Isn't it impressive? And greprepo is my alias to

alias greprepo='grep --exclude-dir ".{git,svn}" -R --mmap --include'

Performance boost is also due to mmap which is ok if you don't change files you are currently greping. Don't try to do mmap on network share or if you change the stuff. Anyways, whithout mmap performance is still much more impressive than with find 

01:02:46:~/Coding$ time grep --exclude-dir ".{git,svn}" -R --include "*.java" "flint" .
./clojure/repos/my/jalint2/HelloWorld.java:            Native.loadLibrary("flint", Flint.class);
./clojure/repos/my/jalint2/HelloWorld.java:        System.setProperty("jna.library.path", "../flint2");
./clojure/repos/rebcabin/jalint2/HelloWorld.java:            Native.loadLibrary("flint", Flint.class);
./clojure/repos/rebcabin/jalint2/HelloWorld.java:        System.setProperty("jna.library.path", "../flint2");

real 0m0.146s
user 0m0.130s
sys 0m0.015s

mmap will do its magic on really huge files. ~/Coding is not a storage for huge files as you can presume.

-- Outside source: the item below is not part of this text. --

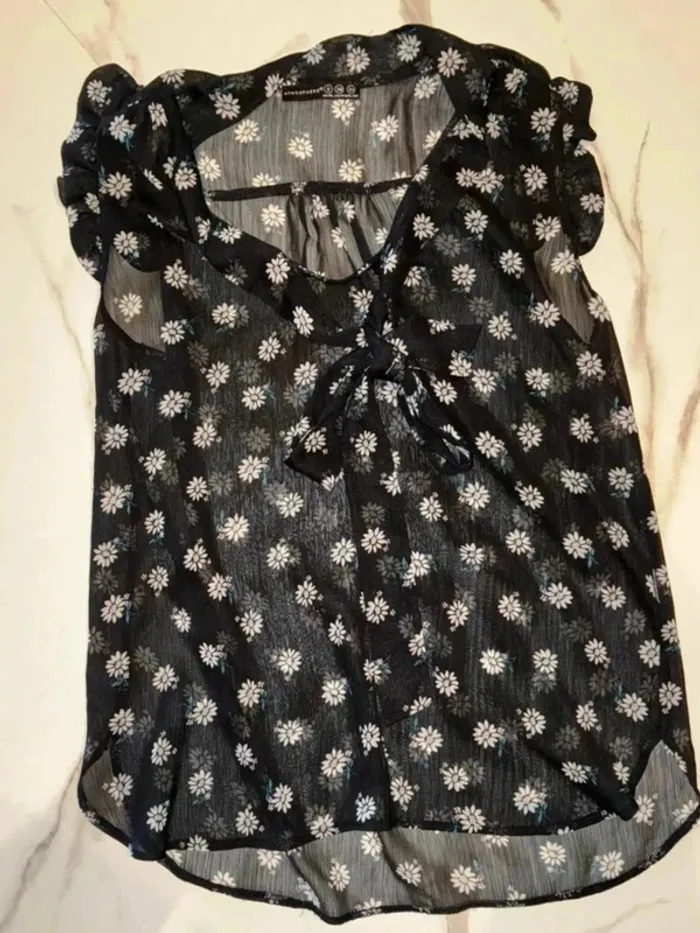 Haut noir à marguerites – Atmosphere – Taille 36 – Très bon état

Of course you may notice I used --exclude-dir with grep, but here is one more

1:02:56:~/Coding$ time grep -R --include "*.java" "flint" .
./clojure/repos/my/jalint2/HelloWorld.java:            Native.loadLibrary("flint", Flint.class);
./clojure/repos/my/jalint2/HelloWorld.java:        System.setProperty("jna.library.path", "../flint2");
./clojure/repos/rebcabin/jalint2/HelloWorld.java:            Native.loadLibrary("flint", Flint.class);
./clojure/repos/rebcabin/jalint2/HelloWorld.java:        System.setProperty("jna.library.path", "../flint2");

real 0m0.135s
user 0m0.118s
sys 0m0.017s

which makes me thinking of pre caching :) Anyway, find doesn't feature an easy option to exclude directories. There is some "workaround", which I didn't understand how to easily use. But even then find + grep is much slower, than grep alone.



UPDATE [Sep 17, 2013]



My friend pointed me at that there is a slightly better approach to find + grep to one that I used above, which is to combine find with xargs. So, here are all three approaches listed from the slowest to the fastest:

0 (raspberry) 14:43:20:~/.vim$ time find . -name "*.vim" -exec grep -Hn --color=always tab '{}' \; > /dev/null

real    0m1.855s
user    0m0.370s
sys     0m1.070s

0 (raspberry) 14:43:26:~/.vim$ time find . -name "*.vim" -print0 | xargs -0 grep -Hn --color=always tab > /dev/null

real    0m0.213s
user    0m0.080s
sys     0m0.110s

0 (raspberry) 14:43:31:~/.vim$ time greprepo "*.vim" "tab" . > /dev/null

real    0m0.172s
user    0m0.080s
sys     0m0.080s

Once again, grep alone wins. However, it's worth saying, find + xargs is much faster than find -exec. 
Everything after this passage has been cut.